Britain is to increase its training support to Iraqi forces taking the fight to Islamic State, the Defence Secretary has announced today.

According to a Ministry of Defence press release, the UK will be expanding the significant capacity building mission already underway, the UK will send around 50 additional trainers to the Al Asad Airbase in Western Iraq to provide instruction on countering improvised explosive devices (c-IED), infantry skills and combat first aid. The extra trainers will be working closely with US and Danish forces, providing training to the Iraqi Army 7th Division, Border Guards and Federal Police from behind the wire.

UK personnel in the region have already helped to train more than 18,000 members of the Iraqi security forces (ISF), including Kurdish forces, in Besmaya, Erbil and Taji.

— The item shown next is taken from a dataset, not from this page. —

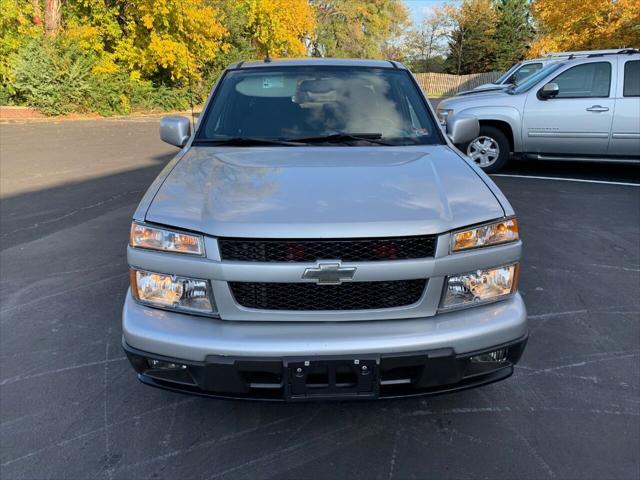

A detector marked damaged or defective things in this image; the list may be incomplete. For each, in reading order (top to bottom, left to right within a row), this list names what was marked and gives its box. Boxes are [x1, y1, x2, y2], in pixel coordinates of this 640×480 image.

cracked pavement [1, 118, 640, 478]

The deployment is part of a broader response across coalition countries to a call at the Counter Daesh Ministerial meeting in May to accelerate the campaign following recent progress in key cities such as Ramadi, Hit and Fallujah.

Defence Secretary Michael Fallon said:

“Iraqi forces have Daesh on the back foot and are retaking territory, hitting its finances and striking its leadership. This deployment will help the Iraqi forces to build on this success and push them back further.”

British forces have contributed to the training of over 13,600 Iraqi army personnel and some 2,570 Peshmerga troops in the fight against Islamic State.

The information comes to light via a written response to a parliamentary question asked by Craig Whittaker (MP for Calder Valley):

“To ask the Secretary of State for Defence, what training and logistical support the armed forces have provided to Iraqi forces to combat the threat from Daesh in Iraq in the last 12 months.”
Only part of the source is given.